[Records from a collection]

◆ ◆ ◆ ◆

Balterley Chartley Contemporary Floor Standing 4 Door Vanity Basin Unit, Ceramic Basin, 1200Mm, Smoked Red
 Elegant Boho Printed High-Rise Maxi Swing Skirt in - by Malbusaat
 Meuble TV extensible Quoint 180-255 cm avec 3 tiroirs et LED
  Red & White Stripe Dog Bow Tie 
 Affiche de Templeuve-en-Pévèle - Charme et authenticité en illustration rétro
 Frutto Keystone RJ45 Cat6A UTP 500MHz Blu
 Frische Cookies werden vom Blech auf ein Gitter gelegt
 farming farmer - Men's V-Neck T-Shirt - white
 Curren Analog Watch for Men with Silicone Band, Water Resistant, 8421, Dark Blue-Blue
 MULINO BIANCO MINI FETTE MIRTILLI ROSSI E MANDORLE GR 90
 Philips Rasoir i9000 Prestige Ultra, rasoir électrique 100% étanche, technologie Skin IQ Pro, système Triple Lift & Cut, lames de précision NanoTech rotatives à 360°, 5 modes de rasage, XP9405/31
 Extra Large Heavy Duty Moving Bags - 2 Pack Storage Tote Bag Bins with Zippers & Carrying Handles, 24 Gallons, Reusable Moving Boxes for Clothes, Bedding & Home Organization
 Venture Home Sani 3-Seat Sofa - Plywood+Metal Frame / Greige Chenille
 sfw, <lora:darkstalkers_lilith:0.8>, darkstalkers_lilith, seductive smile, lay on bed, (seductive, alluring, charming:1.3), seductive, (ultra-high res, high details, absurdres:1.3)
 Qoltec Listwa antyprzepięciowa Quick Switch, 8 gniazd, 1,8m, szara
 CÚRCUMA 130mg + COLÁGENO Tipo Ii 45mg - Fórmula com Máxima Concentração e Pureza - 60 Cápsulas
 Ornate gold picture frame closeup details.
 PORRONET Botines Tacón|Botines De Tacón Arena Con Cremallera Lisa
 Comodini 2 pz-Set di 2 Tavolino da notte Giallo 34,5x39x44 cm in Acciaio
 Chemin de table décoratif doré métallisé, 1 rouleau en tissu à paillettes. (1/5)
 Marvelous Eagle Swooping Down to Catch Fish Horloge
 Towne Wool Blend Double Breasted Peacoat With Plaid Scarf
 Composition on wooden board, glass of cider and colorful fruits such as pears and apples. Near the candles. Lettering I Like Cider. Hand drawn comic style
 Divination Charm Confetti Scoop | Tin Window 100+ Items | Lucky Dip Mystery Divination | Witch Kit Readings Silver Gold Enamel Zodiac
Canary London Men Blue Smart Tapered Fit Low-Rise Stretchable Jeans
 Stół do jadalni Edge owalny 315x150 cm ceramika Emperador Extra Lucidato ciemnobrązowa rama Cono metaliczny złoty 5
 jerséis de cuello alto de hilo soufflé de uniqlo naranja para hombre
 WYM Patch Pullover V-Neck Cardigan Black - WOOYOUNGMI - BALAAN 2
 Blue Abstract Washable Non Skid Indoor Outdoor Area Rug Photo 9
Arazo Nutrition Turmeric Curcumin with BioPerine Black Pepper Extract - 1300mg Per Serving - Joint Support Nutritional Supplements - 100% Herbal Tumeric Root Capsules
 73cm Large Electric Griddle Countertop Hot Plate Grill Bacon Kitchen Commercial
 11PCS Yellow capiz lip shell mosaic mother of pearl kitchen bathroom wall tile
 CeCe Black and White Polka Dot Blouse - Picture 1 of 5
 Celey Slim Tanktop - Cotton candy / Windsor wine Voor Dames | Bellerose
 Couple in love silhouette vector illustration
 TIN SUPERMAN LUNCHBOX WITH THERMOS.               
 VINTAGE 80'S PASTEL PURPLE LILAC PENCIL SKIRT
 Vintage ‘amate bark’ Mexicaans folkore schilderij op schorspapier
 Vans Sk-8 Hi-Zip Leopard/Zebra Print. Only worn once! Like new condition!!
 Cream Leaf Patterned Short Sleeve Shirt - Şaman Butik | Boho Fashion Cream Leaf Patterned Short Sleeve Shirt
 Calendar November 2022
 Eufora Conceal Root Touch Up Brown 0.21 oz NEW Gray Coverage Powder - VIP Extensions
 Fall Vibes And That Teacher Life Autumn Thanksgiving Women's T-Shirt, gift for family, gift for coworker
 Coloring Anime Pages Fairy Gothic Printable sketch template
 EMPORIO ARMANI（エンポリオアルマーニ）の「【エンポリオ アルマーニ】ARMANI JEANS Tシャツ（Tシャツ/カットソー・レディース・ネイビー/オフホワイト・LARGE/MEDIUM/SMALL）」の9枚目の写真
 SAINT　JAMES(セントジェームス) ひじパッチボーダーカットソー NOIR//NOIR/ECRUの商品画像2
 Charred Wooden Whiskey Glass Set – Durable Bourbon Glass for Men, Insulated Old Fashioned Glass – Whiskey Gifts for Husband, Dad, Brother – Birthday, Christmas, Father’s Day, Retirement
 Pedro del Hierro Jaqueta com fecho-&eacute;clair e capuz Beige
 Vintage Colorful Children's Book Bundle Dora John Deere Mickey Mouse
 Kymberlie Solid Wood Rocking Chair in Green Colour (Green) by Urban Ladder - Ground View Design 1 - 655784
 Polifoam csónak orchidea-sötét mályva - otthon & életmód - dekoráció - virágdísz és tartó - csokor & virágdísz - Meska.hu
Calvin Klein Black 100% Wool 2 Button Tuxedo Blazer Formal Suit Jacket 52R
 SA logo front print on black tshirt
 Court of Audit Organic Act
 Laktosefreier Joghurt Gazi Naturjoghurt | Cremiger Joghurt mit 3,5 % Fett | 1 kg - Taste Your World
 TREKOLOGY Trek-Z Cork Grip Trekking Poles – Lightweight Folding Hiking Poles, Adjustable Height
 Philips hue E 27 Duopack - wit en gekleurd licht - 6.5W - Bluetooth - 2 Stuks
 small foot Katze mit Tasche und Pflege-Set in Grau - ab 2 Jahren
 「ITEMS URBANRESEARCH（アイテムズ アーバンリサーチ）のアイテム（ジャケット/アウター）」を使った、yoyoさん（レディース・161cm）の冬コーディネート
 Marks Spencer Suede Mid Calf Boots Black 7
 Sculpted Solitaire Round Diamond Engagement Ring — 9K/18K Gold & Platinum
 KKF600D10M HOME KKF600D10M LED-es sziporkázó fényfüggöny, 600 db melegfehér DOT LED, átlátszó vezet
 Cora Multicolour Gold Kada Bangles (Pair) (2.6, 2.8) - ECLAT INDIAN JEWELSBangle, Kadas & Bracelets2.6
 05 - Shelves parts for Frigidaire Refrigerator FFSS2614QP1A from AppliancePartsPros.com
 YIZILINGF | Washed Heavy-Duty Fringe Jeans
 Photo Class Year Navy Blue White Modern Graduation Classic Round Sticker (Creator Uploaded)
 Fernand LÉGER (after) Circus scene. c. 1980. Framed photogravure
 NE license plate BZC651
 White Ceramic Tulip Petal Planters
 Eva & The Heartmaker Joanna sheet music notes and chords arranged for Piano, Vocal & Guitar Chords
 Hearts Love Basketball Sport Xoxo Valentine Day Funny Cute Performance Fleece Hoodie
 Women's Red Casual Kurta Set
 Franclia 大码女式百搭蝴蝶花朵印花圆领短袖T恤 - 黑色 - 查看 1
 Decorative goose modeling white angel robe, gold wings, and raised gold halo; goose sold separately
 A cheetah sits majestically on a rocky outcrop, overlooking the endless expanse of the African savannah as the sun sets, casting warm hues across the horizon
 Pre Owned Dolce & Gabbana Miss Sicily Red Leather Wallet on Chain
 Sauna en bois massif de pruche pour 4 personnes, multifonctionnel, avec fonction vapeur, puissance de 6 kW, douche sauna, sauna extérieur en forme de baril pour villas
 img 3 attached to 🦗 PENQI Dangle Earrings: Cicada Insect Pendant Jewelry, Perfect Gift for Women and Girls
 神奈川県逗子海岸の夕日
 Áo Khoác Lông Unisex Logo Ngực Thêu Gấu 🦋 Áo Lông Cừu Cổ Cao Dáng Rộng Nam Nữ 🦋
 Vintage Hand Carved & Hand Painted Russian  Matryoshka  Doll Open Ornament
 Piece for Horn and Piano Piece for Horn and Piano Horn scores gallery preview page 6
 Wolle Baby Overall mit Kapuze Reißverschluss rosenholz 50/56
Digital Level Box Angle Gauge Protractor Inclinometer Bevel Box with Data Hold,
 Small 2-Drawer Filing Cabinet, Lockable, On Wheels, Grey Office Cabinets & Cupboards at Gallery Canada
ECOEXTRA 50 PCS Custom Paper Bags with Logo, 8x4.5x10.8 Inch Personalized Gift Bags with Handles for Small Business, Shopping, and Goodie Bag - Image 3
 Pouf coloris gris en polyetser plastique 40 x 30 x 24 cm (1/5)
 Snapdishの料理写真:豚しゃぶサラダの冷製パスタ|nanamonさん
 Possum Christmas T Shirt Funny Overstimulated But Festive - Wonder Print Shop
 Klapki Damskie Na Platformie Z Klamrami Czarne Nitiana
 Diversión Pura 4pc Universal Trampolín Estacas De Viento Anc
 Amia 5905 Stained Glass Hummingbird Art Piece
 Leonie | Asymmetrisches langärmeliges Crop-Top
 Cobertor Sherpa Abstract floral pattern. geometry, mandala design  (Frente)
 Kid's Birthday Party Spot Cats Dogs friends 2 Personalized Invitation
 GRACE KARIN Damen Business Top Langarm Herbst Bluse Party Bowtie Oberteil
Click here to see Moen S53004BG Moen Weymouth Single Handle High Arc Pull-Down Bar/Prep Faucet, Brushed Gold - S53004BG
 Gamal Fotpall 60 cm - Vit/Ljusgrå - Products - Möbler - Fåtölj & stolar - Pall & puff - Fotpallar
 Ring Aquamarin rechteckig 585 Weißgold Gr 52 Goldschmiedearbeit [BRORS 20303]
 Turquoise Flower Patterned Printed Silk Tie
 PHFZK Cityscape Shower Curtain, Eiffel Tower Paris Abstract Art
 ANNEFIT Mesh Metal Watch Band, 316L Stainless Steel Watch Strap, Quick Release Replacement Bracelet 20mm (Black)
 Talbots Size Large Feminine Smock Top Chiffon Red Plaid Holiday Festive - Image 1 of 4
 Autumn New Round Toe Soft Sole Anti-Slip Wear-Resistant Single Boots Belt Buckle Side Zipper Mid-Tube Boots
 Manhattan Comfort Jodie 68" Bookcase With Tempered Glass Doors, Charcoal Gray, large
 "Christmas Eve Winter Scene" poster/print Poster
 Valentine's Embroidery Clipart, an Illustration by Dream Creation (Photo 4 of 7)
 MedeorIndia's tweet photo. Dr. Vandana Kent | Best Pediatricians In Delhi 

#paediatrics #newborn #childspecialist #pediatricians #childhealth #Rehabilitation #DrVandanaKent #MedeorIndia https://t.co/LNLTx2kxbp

◆ ◆ ◆ ◆

(TASK PROMPT):
Say, as a bare number, how many lines above contain the word "Abstract".

(OUTPUT FOR THIS TASK):
3